Soon, Bandfield found herself selling her own household’s unwanted goods on Craigslist to make more money for her newfound art project. When the Craigslist customers started asking about the unique planter pots in Bandfield’s home, the artist decided she might be onto something.
Instead of selling household items to support her pot-making hobby, Bandfield decided to shift gears and actually sell her planter pots. Using recommendations she gleaned from a book by Kari Chapin on the art of selling handmade goods, Bandfield reached out to buyers at Portland-area markets and nurseries. Her first buyer was the New Seasons market near her suburban Portland home.

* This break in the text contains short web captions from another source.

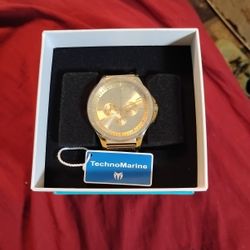 NIB Men's Technomarine #(contact info removed)9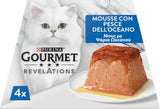 Nourriture humide pour chats Revelations aux poissons de mer, 24 x 57 g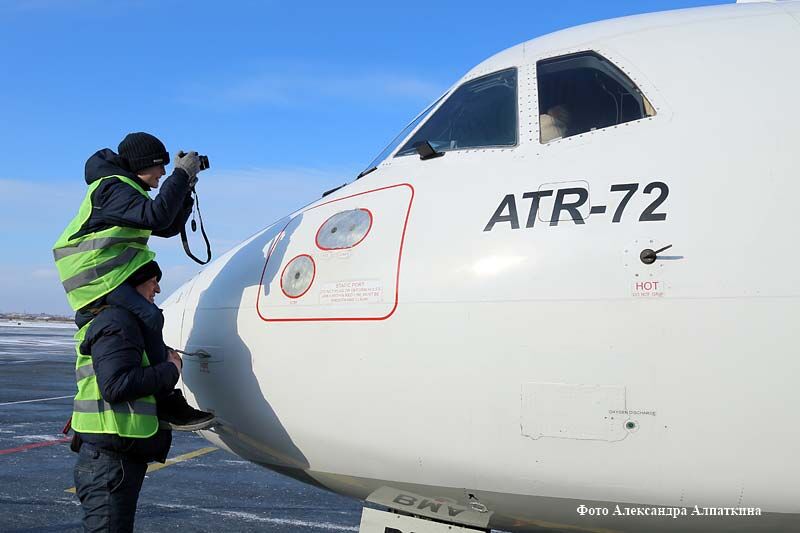 Курганский аэропорт сделал подарок любителям фотографии и авиалайнеров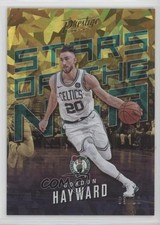2017 Panini Prestige Stars of the NBA Crystal Gold 3/10 Gordon Hayward #15 fm0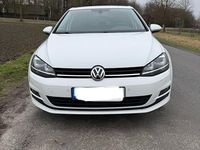 Gebraucht VW Golf VII LOUNGE 86 PS (63 kW) 2015 Weiß Limousine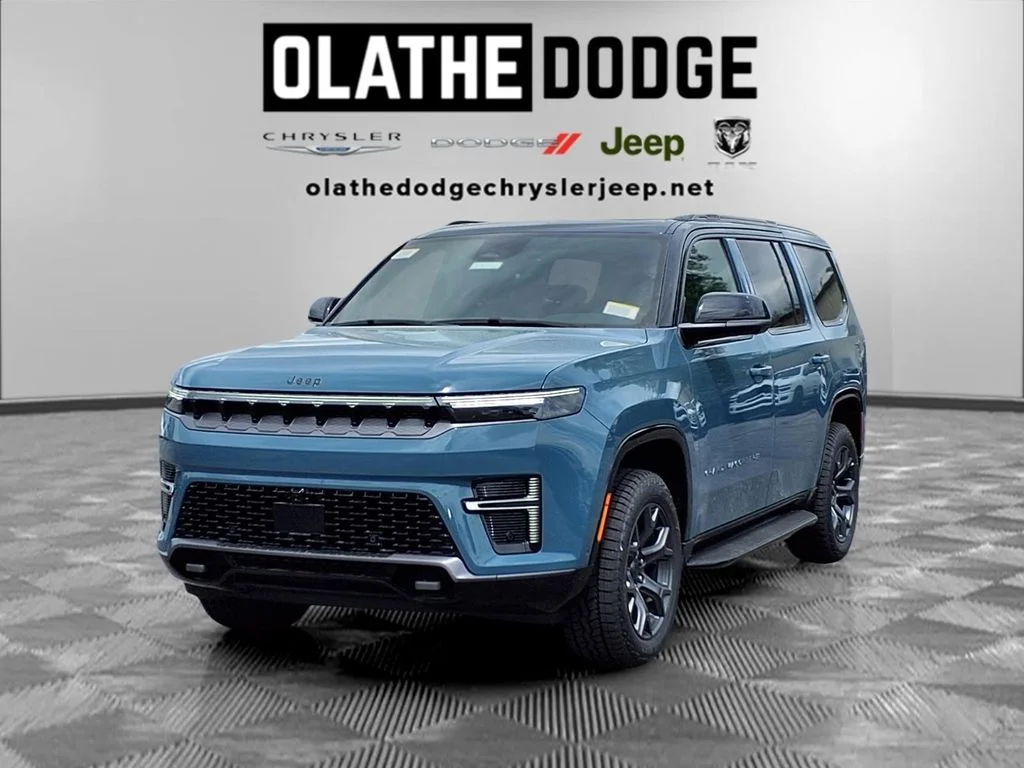 2026 Jeep Grand Wagoneer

Soon, Portland-Vancouver nurseries were clambering to get ahold of Bandfield’s beautifully crafted and unusual planters, which the artist said walk a thin line between antique and space-age.
“One person told me they’d been in the nursery business for more than 20 years and had never seen anything like them,” Bandfield said.
In 2014, after moving to Camas with her then-husband and their son, Gus — now a junior at Camas High School — Bandfield registered her new business name, A Pot Spot, built a website, created several social media channels and kept pushing herself as an artist, incorporating more recycled and sustainable elements into her hand-cast stone pots; casting stone forms inspired by modern architecture and Japanese gardens that would look just as comfortable in a high-end art gallery as they would in a sprawling bed of native plants; and working out a deal with a California company that creates concrete-adhering customized paint colors for some of the nation’s most recognizable corporations — Home Depot, Target, Dick’s and Holiday Inn, to name just a few — so she can add splashes of highly pigmented color to her planter pots while rescuing leftover paint that would have gone into the landfill.
Bandfield’s pots tend to sell out pretty fast. Her Instagram page and website (apotspot.com) show just how many of her creations have sold recently and nurseries can’t stock them fast enough, but would-be customers in the Camas-Washougal area hoping to score A Pot Spot planter pot are in luck. This weekend, Bandfield will join 49 other Clark County artists in Artsta’s annual Clark County Open Studios event and plans to sell a wide variety of color-infused as well as moss- and lichen-covered pots from her own collection.